Kelly lambasts Hume for his reckless denial of cause and effect. It’s patently absurd on its surface and seems it’s only purpose is to reject the God who is the necessarily conclusion of such a premise.

Hume’s statement to which he reacts:

Before we are reconciled to this doctrine, how often we must repeat to ourselves, that the simple view of any two objects or actions, however related, can never give us any idea of power, or of a connexion betwixt them: that this idea arises from a repetition of their union: that the repetition neither discovers nore causes anything in the objects, but has an influence only on the mind, byt that customary transition that it produces: that this customary transition is therefore that same with the power and necessity; which are consequently qualities of perceptions, not of objects, and are internally felt by the soul, and not perceived externally in bodies?

Kelly’s response:

This denial of cause and effect seems to be a total dereliction of all good sense!

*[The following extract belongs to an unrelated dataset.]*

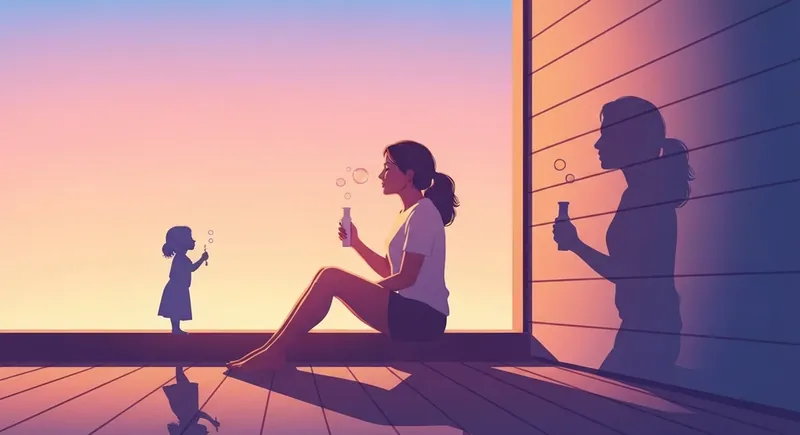 A woman reflecting on her porch with a shadow depicting a child, illustrating the subtle signs of inner child healing and psychological growth. signs-of-inner-child-healing-bestie-ai.webp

Why would a very clever man like Hume have seriously attempted to establish such a position? What Stanley Jaki said about the Idealists in his Gifford Lectures in the University of Edinburgh (not far from where Hume once lived) seems to be the correct answer: ‘The idealists got rid of rationality to avoid God.’ By the same token, it would seem that Hume got rid of causality to get rid of God. But in so doing, Hume would also have made modern science impossible, had his assumptions been followed.

The impossibility of science following from this foundation is critical, as often the philosophers such as Hume are counted on the “side” of science when the interaction between faith and science takes place.

The fact is that causality is axiomatic and need no proof.

Causations is a basic axiom which all who live in the world have to assume in order even to survive, and after basic survival, it has to be assumed in order to make any sense of the realities around us.

He goes on to cite Thomas Reid as having debunked Hume in his own time with his Essays on the Intellectual Powers of Man.